XArray integrates labels in the form of dimensions, coordinates and attributes to multidimensional arrays.

Introducing the DataArray and Dataset

Xarray expands on the capabilities on NumPy arrays, providing a lot of streamlined data manipulation. It is similar in that respect to Pandas, but whereas Pandas excels at working with dataframes, Xarray is focused on N-dimensional arrays of data (i.e. grids). Its interface is based largely on the netCDF data model (variables, attributes, and dimensions), but it goes beyond the traditional netCDF interfaces to provide functionality similar to netCDF-java’s Common Data Model (CDM).
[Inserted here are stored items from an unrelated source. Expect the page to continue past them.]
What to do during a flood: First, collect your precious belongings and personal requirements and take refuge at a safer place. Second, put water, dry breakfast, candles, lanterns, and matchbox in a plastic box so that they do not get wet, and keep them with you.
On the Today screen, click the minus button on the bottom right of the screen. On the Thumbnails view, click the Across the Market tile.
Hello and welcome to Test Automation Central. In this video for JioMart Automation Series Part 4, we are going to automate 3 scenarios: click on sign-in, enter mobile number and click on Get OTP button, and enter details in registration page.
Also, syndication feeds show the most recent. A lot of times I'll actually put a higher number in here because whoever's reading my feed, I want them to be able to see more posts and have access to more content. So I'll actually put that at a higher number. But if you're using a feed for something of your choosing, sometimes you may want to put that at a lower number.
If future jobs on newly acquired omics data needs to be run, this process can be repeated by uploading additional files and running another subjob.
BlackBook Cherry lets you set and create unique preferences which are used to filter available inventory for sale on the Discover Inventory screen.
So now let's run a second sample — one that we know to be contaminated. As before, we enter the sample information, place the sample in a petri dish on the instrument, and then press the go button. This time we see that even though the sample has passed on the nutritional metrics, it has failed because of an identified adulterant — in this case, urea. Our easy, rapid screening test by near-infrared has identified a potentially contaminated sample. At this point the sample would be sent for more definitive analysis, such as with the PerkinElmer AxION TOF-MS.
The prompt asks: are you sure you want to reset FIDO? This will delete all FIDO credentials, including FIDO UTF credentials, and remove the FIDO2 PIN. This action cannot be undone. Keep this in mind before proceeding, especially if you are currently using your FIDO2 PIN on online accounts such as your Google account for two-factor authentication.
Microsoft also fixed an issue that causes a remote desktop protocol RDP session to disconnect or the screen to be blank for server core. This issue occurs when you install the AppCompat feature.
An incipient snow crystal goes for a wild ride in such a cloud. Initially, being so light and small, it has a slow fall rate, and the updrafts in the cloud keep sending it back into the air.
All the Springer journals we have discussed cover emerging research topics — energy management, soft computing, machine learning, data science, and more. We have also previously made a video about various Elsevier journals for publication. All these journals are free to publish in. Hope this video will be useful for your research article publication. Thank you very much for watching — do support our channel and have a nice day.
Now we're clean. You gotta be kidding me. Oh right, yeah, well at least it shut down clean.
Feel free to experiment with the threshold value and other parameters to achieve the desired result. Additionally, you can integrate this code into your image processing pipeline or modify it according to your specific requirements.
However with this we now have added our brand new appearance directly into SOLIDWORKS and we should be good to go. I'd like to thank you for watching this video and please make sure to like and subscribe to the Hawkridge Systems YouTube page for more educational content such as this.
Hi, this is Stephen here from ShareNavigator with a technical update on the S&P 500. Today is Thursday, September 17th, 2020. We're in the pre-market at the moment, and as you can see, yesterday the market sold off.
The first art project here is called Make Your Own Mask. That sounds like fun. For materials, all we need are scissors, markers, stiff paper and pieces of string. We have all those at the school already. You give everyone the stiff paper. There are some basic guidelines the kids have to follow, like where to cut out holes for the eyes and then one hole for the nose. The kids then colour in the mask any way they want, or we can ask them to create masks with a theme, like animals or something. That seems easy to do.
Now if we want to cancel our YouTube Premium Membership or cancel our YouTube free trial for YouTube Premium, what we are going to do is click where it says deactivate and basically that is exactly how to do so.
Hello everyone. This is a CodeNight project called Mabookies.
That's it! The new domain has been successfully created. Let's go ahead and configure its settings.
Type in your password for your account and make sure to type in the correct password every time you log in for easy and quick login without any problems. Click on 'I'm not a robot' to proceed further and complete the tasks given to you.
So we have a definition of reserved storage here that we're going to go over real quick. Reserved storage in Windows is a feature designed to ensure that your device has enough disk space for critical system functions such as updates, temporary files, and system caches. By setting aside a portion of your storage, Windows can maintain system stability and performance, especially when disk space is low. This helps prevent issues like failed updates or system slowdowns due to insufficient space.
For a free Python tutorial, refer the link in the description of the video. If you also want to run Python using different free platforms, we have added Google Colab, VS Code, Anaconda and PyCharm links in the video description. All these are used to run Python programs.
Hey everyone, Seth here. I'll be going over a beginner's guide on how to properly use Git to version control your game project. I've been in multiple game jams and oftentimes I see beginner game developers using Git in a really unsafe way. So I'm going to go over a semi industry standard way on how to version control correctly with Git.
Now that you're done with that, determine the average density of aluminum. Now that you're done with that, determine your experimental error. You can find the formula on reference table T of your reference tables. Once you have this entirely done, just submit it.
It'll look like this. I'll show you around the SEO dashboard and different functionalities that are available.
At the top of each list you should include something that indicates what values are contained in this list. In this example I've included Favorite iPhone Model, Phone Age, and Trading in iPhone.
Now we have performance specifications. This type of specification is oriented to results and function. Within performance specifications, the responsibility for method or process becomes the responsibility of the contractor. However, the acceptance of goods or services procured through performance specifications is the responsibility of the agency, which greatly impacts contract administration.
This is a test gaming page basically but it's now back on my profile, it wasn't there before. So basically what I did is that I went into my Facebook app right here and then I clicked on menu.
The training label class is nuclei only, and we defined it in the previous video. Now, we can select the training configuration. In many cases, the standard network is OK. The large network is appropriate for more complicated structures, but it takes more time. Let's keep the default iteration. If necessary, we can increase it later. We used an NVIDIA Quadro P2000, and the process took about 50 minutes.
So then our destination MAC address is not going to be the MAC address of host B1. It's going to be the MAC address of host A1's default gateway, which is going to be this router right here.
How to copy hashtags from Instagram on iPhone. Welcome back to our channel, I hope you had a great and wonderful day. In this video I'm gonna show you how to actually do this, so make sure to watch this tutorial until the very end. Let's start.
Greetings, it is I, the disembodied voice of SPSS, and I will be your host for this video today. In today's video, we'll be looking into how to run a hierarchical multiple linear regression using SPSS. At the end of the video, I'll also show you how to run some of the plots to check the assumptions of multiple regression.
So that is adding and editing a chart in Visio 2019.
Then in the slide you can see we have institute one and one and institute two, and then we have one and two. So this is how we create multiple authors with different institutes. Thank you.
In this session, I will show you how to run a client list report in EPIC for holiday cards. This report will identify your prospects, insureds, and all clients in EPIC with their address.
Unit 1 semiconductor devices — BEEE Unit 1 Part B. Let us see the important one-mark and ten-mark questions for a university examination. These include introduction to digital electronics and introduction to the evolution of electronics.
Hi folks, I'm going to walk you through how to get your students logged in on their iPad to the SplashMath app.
Xarrays have two core data structures: * DataArray, which is a N-dimensional array with labeled coordinates and dimensions. It is a N-dimenisonal generalization of a Pandas.Series. * Dataset, which is a multidimensional in-memory array database.

Data structures

DataArray

xarray.DataArray is xarray’s implementation of a labeled, multi-dimensional array. It has several key properties:

  • values: a numpy.ndarray holding the array’s values
  • dims: dimension names for each axis (e.g., ('x', 'y', 'z'))
  • coords: a dict-like container of arrays (coordinates) that label each point (e.g., 1-dimensional arrays of numbers, datetime objects or strings)
  • attrs: dict to hold arbitrary metadata (attributes)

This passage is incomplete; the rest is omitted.